1. Cryptocurrency

Is Cryptocurrency Legal in India? What is It, and Where Should You Start?

“Is cryptocurrency legal in India?” If you're a crypto enthusiast in India, you've wondered this question!

A new buzzword of cryptocurrency has been doing rounds and getting popular during the past few years. Earlier, people had some classic options for investments like the stock market, gold, properties, or fixed deposits. But, this new concept of cryptocurrency has been developed as another alternative for investment.

According to current stats, around 1 billion people worldwide will use cryptocurrency in 2022. This figure is proof of the popularity of cryptocurrency, which makes it essential for an individual to know about the basics of cryptocurrency, keeping its growing market in mind.

In this article, you will learn what cryptocurrency is, how to use it, its pros and cons, and tell if cryptocurrency is legal in India. 

What is Cryptocurrency?

In simple words, cryptocurrency is a digital or virtual currency. It is secured by cryptography that ensures there is no counterfeit or double-spend. Several Cryptocurrencies are decentralized networks distributed across many computers based on popular blockchain technology. 

The decentralized structure makes it possible to exist outside the control of governments and central authorities. Cryptocurrency is unique as any central authority like cash does not issue it, removing any chance of government intervention. 

Cryptocurrency brings the benefit of cheaper and faster money transfers from decentralized systems. This ensures that there is no collapse in the system at any single point of failure. cryptocurrency can be mined or purchased from its exchanges. But, not every e-commerce site will enable you to buy with cryptocurrency.  

At the same time, most people use it for investment purposes owing to its future potential. So, even the popular cryptocurrency bitcoin is hardly used in retail transactions. Moreover, the skyrocketing value of this digital currency has made it a favorite of traders and investors. To a restricted extent, cryptocurrency is used in cross-border transfers, which has enabled its expansion worldwide. 

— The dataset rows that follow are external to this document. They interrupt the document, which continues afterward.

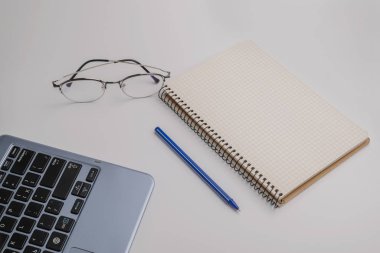 beyaz arka plan üzerinde kırtasiye, defter ve kalem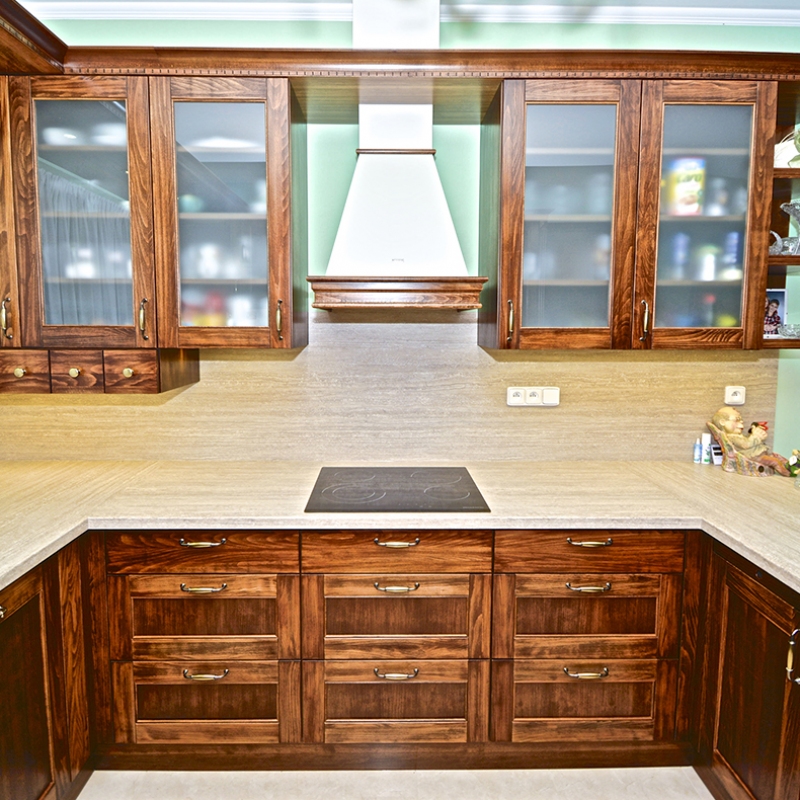 kuchyně s rustikálním odsavačem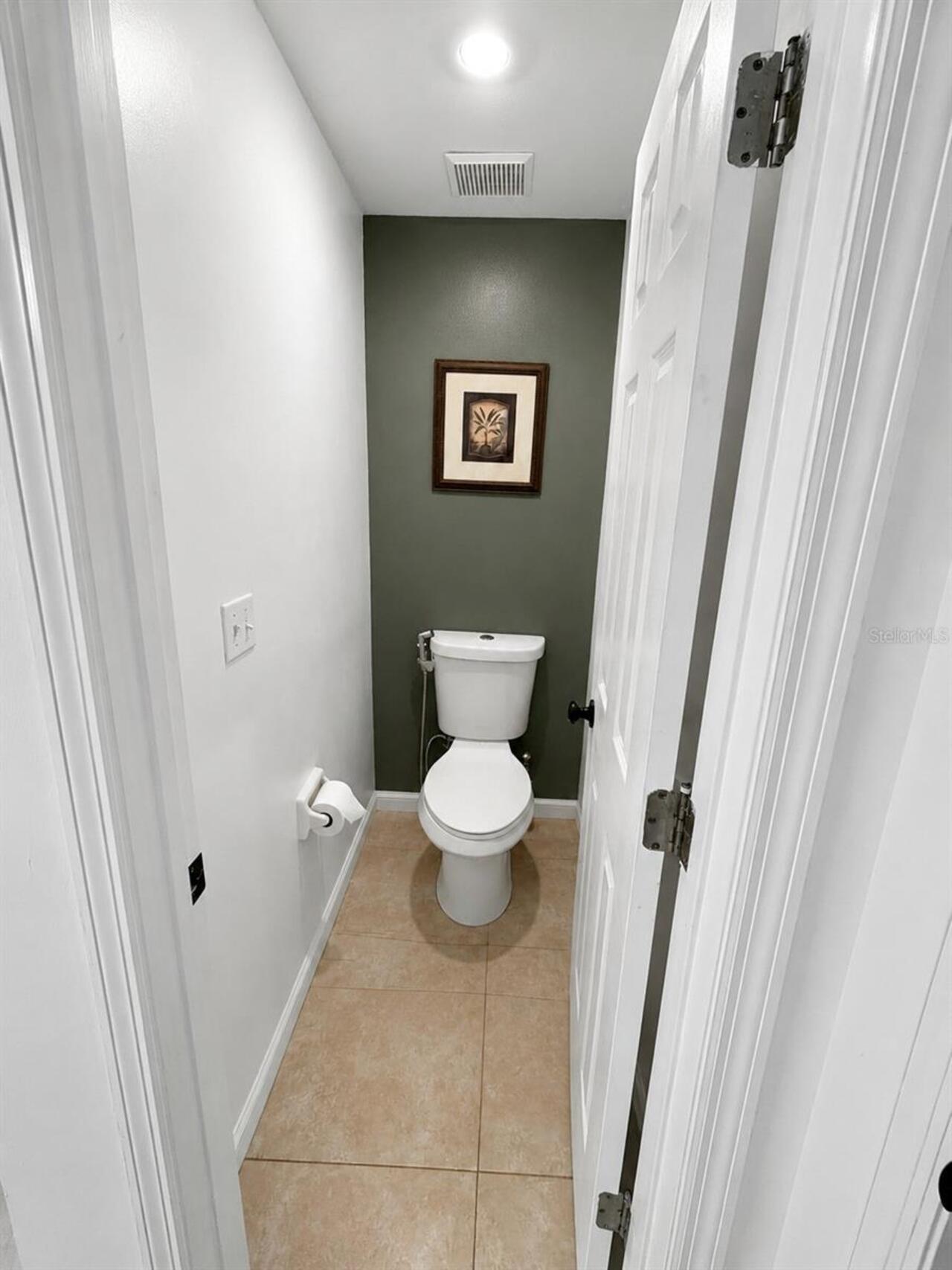 Listing Photo 14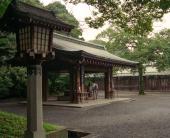 I den lille bygning renser de bedende sig inden de går ind på et shinto tempel - her er det ved Meiju Jingu templet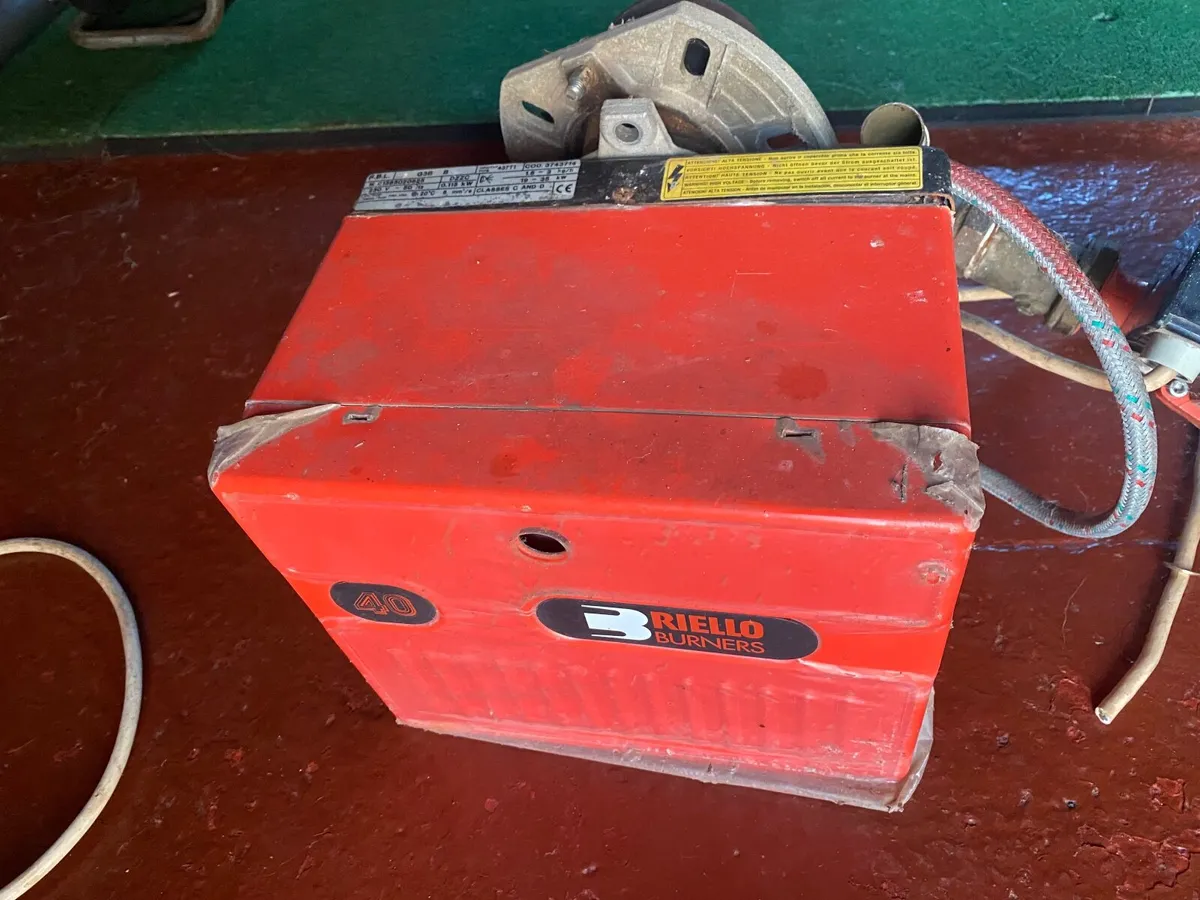 Oil boiler burner - Image 1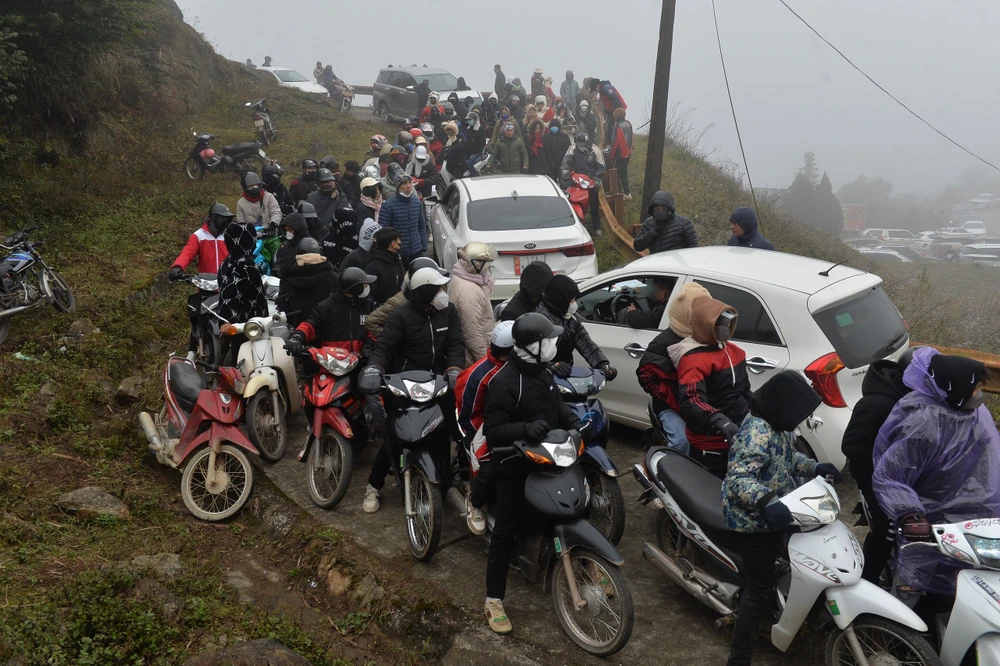 nguoi-xe-chen-nhau-len-mau-son-xem-bang-tuyet 11.jpg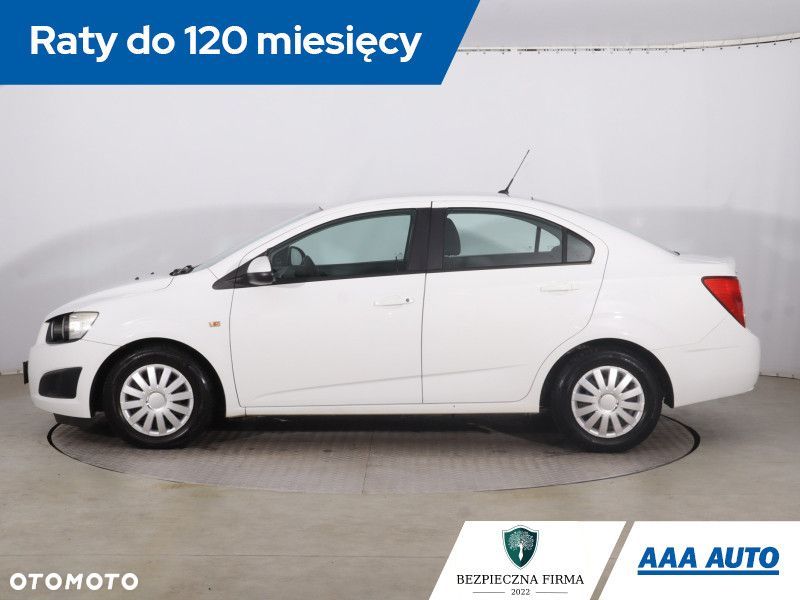 Chevrolet Aveo - 4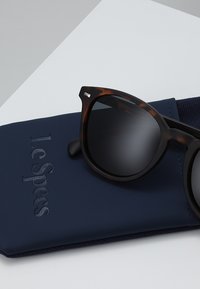 Le Specs BANDWAGON - Zonnebril - smoke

How Does Cryptocurrency Work?

It is surprising to know that the cryptocurrency market is expanding at a quick pace. It grew from $200 billion to nearly $3 trillion in 2021. But, it slashed in the first half of 2022 to $900 billion. This indicates that it is a risky market, and it is essential to understand its works. 

Since any central authority or government does not control it, cryptocurrency owners are not bound to trust any single source for cryptocurrency trading. All the entities in the cryptocurrency network will have access to similar information. 

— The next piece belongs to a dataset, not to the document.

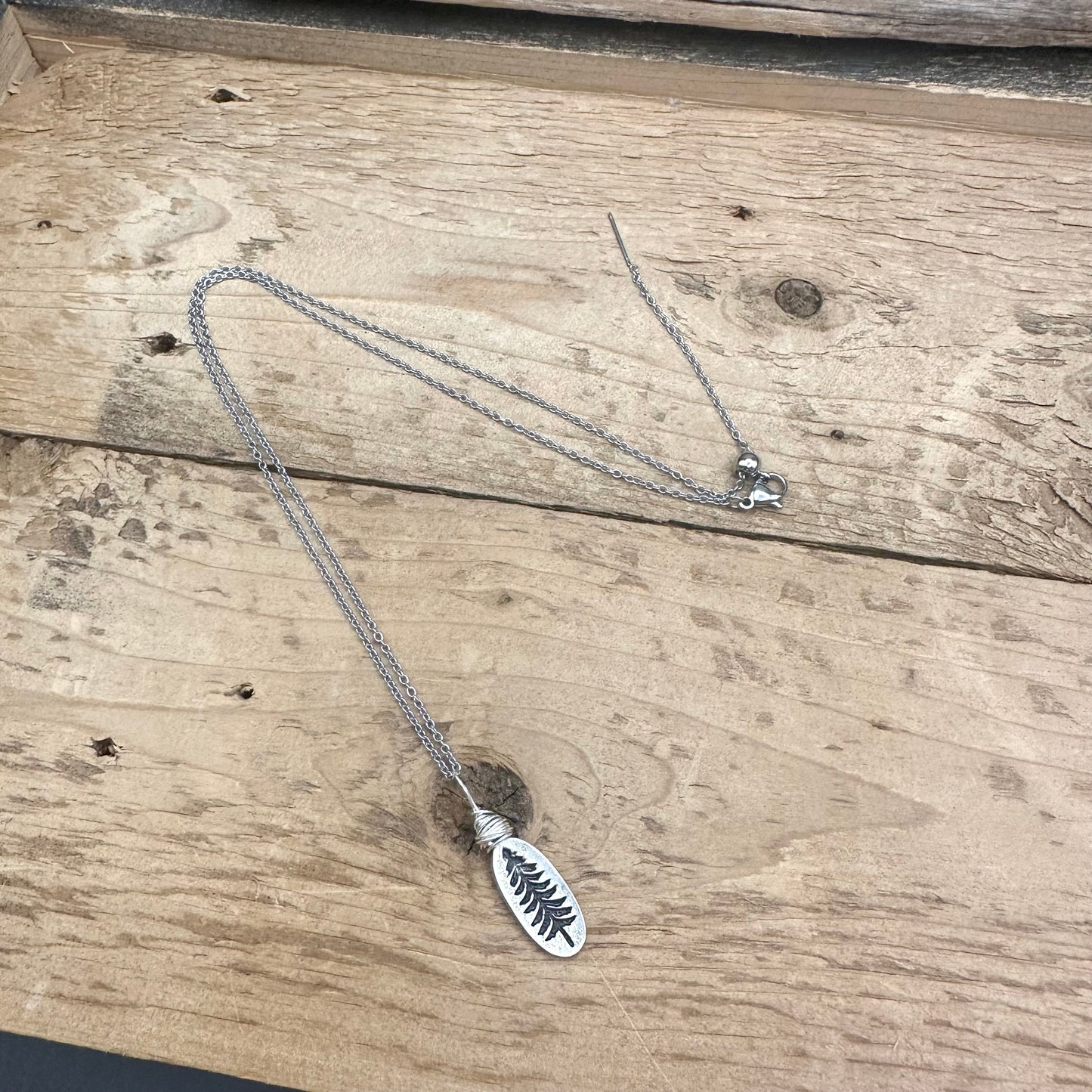 Wire Wrapped Tree Necklace - Velora Luxury Fashion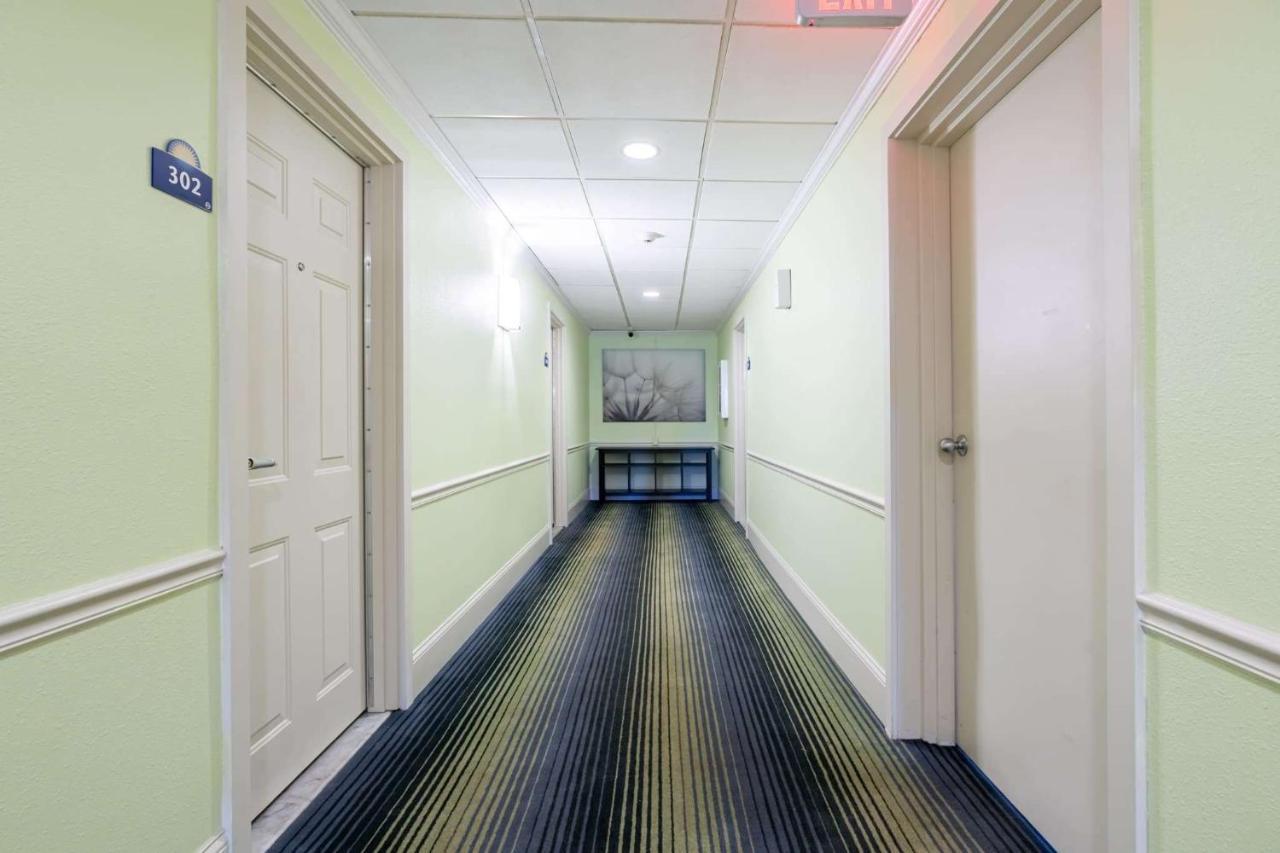 Days Inn By Wyndham Hartford/Closest Downtown Dış mekan fotoğraf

It cannot be manipulated or altered. The data relating to cryptocurrency exchanges are only accessible by the users of it, so it is a secure method. Moreover, shared ownership ensures that no data mismanagement or miscommunication can occur.

The process of mining can generate cryptocurrency units. This process involved using computers to solve complex mathematical problems that create coins. So, if you are a user, you can reach out to a broker and purchase that digital currency. This can be stored or used by cryptographic wallets. 

So, if you are an owner of some cryptocurrencies, you will not have anything physical. You will have a cryptographic wallet and a key that will enable you to move a unit of a particular measure to another user without involving any third party. 

The first kind of cryptocurrency, bitcoin, is extensively used, popular and valuable. Along with that, there are other options for cryptocurrency with different levels of purposes and details. 

Some are replications of bitcoin. At the same time, others created following the success of bitcoins are altcoins of Litecoin, Peercoin, Namecoin, Ethereum, Cardana, etc. Some countries have accepted cryptocurrency legally, while cryptocurrency legal in India is still an unclear issue.  

Pros and Cons of Cryptocurrency 

Before investing in cryptocurrency, it is essential to understand its pros and cons. 

The pros of cryptocurrency are:

  • The fund transfer between two parties is executed. There is no need for any third party like a bank. 
  • It is cost-effective in comparison to online payments.
  • The payments through cryptocurrency are safe.
  • In modern cryptocurrency systems, there is a user “wallet” or account address. Like online mobile payment apps, it is accessible only by a public and private key. The private key is only for the user.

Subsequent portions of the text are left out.